The keys to this are code transparency for the programs that run the voting and tabulating machines along with recording the votes on a write-once medium like CD.
The big problem with current touchscreen machines is that proprietary manufactures will not disclose the code listings for each and every piece of code in their machines. If we cant see the code, we cannot know what it is doing.
The solution to this problem is open source. Program listings for systems much more complicated than this application have been publicly available and cooperatively maintained for decades. The most obvious instance is the Linux operating system. But, there are open source solutions available for each and every layer of program needed to implement a touchscreen voting application. As reference, I would suggest you take a look at projects tracked by sourceforge.net or even the finished packages at freshmeat.net.
For hardware, I would recommend commodity components. I'd get multiple manufacturers to build them from well known components such as mini-CD writers, Intel or like commodity processors packaged with a touchscreen into a commodity voting machine. Given the open source nature of all code for such a machine, the market would be worldwide and the units would be cheap.
I would also cooperatively develop a set of quality assurance (QA) acceptance test suites that could be downloaded and run on any new piece of hardware. The manufacturers could use these in their QA. Election folks could use them to vet any new purchases.
OK, now the process. Because it is open source, the state could read, verify and digitally sign OS CDs that each county could download and use as boot CDs for their machines. The county elections personnel could prepare a ballot XML file for each district that would also be burned onto the CD. The CD could then be digitally signed in any of a number of ways that would reveal any subsequent tampering.

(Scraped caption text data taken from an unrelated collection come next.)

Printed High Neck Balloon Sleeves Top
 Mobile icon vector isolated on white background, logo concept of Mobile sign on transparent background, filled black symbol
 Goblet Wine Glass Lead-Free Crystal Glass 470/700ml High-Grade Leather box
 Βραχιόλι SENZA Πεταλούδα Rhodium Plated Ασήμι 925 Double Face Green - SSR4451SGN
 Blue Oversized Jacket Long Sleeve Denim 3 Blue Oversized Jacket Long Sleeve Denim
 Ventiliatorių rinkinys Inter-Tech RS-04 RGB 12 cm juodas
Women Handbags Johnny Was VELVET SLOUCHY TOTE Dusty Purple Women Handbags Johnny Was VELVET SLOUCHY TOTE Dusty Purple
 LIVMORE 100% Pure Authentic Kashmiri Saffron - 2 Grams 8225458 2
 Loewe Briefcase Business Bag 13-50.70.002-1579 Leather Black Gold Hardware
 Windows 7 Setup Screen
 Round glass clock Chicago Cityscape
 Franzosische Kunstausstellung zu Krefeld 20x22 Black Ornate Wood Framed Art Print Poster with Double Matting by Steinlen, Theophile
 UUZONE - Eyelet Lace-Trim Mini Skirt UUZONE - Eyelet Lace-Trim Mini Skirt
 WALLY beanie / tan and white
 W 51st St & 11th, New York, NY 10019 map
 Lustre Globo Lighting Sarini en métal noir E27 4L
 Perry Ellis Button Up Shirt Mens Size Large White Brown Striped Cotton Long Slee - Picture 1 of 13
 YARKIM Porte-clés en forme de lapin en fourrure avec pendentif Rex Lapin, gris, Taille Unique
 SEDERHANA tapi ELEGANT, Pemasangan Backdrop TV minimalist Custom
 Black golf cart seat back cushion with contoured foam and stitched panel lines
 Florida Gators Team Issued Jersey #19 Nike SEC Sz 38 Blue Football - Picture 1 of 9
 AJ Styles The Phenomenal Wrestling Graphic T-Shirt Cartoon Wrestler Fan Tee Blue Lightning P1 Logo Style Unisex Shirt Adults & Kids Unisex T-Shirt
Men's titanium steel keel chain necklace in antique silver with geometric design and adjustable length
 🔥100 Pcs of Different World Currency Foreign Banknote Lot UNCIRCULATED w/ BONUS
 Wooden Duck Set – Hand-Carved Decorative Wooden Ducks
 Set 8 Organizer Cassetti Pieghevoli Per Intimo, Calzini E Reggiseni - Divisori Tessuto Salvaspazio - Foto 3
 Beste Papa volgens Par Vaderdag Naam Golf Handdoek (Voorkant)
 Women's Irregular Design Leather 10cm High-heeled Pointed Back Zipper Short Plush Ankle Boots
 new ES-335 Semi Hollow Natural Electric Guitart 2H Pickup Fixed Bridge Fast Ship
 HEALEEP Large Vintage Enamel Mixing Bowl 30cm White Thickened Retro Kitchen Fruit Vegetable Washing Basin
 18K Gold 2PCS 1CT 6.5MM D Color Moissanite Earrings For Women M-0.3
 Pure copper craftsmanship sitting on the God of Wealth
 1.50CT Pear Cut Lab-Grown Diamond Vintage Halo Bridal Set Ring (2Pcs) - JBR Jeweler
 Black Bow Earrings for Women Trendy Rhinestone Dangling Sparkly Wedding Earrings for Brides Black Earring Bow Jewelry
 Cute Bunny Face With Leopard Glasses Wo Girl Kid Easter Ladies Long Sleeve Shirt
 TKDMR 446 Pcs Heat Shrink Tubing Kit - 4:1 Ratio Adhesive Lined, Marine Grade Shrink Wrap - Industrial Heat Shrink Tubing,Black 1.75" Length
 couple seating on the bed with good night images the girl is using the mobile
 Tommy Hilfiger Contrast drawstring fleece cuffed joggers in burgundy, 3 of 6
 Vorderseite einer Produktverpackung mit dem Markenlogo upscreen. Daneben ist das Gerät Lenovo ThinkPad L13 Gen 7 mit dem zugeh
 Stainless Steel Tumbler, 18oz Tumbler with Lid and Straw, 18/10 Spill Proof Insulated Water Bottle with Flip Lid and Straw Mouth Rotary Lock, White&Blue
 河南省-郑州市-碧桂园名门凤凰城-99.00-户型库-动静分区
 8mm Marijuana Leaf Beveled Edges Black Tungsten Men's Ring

A voter-verified audit trail would not be provided on paper. It would be provided on the little CDs the machines use. After the voter has finished selecting their choices for each office and measure and verified their choices on a summary screen, the record would be digitally signed and written to the CD. The record of the vote would then be reread from the CD, and the voter presented with a second summary screen. Should the voter not like what they see, a vote nullification record would be written to the CD, and the voting process would begin again. The voter gets two chances to verify their vote. Once before it is written to CD, and a second time when it is reread from that CD. Since the information is recorded as XML marked up text, it would be directly readable from the CD by an file browser on any machine with a CD drive.
The data CD's could be preloaded and sealed into the machines prior to distribution to the polling sites. It available, phone lines using secure, signed encrypted connections to a central repository could be used to transmit preliminary results to the tabulator system. That system, however, could then verify all vote files against the physical CD when the actual voting machines are returned to the election center. Since such a machine itself would be commodity and open source, those processes would be repeatable and verifiable.
In information systems our mantra is Garbage in, garbage out. The time to deal with uncertainty is as close to the source as possible. We like to deal with potentially inaccurate data during the acquisition phase. The tricks employed by advocates of a paper trail address this but only in a cumbersome way. They are mostly back-end compensation. They provide only the appearance of security while at the same time increasing the load on the election management team at the time they are most burdened. Simplifying the system and vetting its components in advance will make things run much more smoothly on election night.